### Exercise objective
Every line in the records below between the one holding "Photo - Three bedroom in shell point" and the one holding "Buy your photos", inclusive, is to be set down exactly; all other lines are to be left out.

### The records
+---+
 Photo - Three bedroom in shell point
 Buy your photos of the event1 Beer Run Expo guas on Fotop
+---+
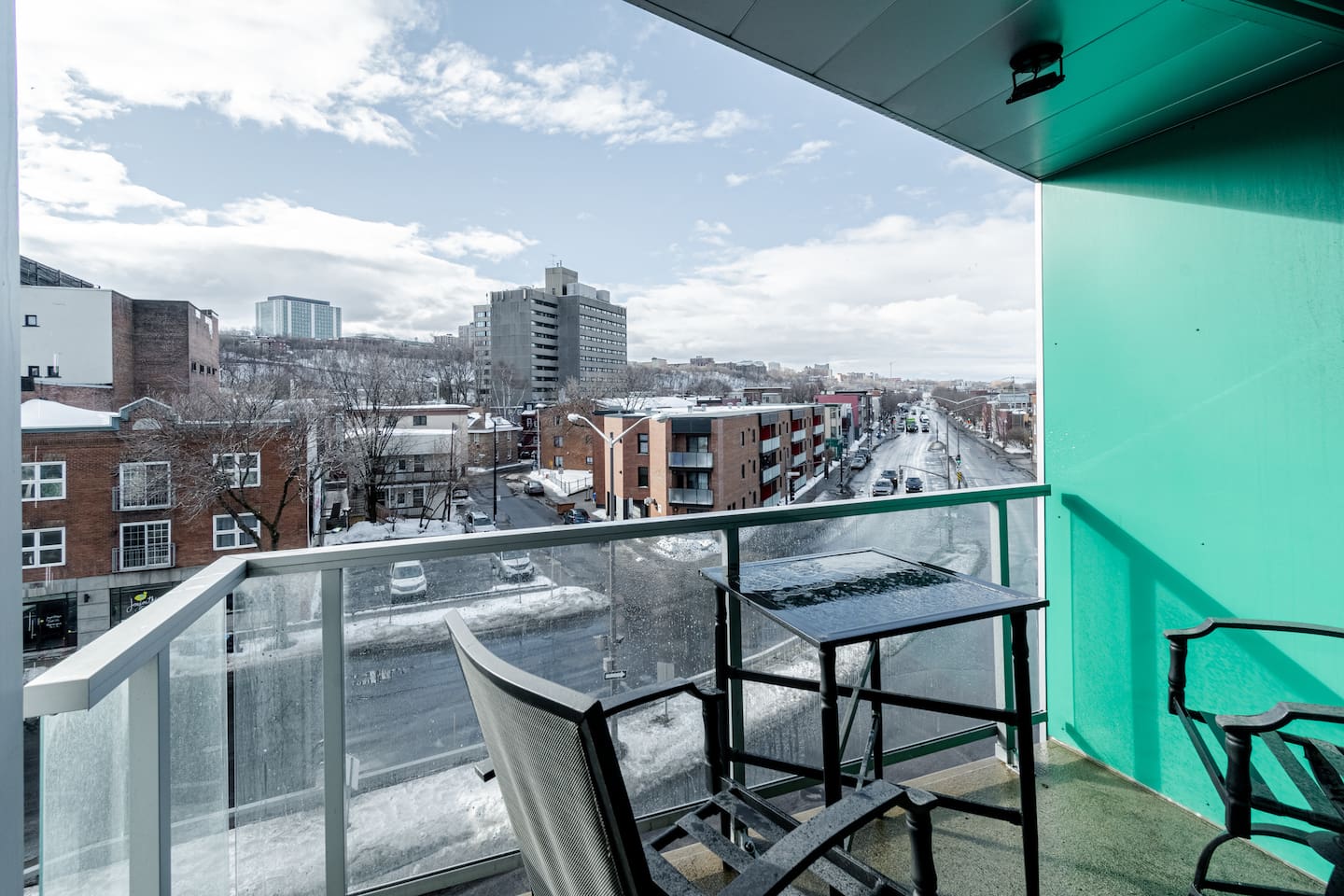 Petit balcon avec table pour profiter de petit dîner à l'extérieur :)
+---+
### Reply to the task
 Photo - Three bedroom in shell point
 Buy your photos of the event1 Beer Run Expo guas on Fotop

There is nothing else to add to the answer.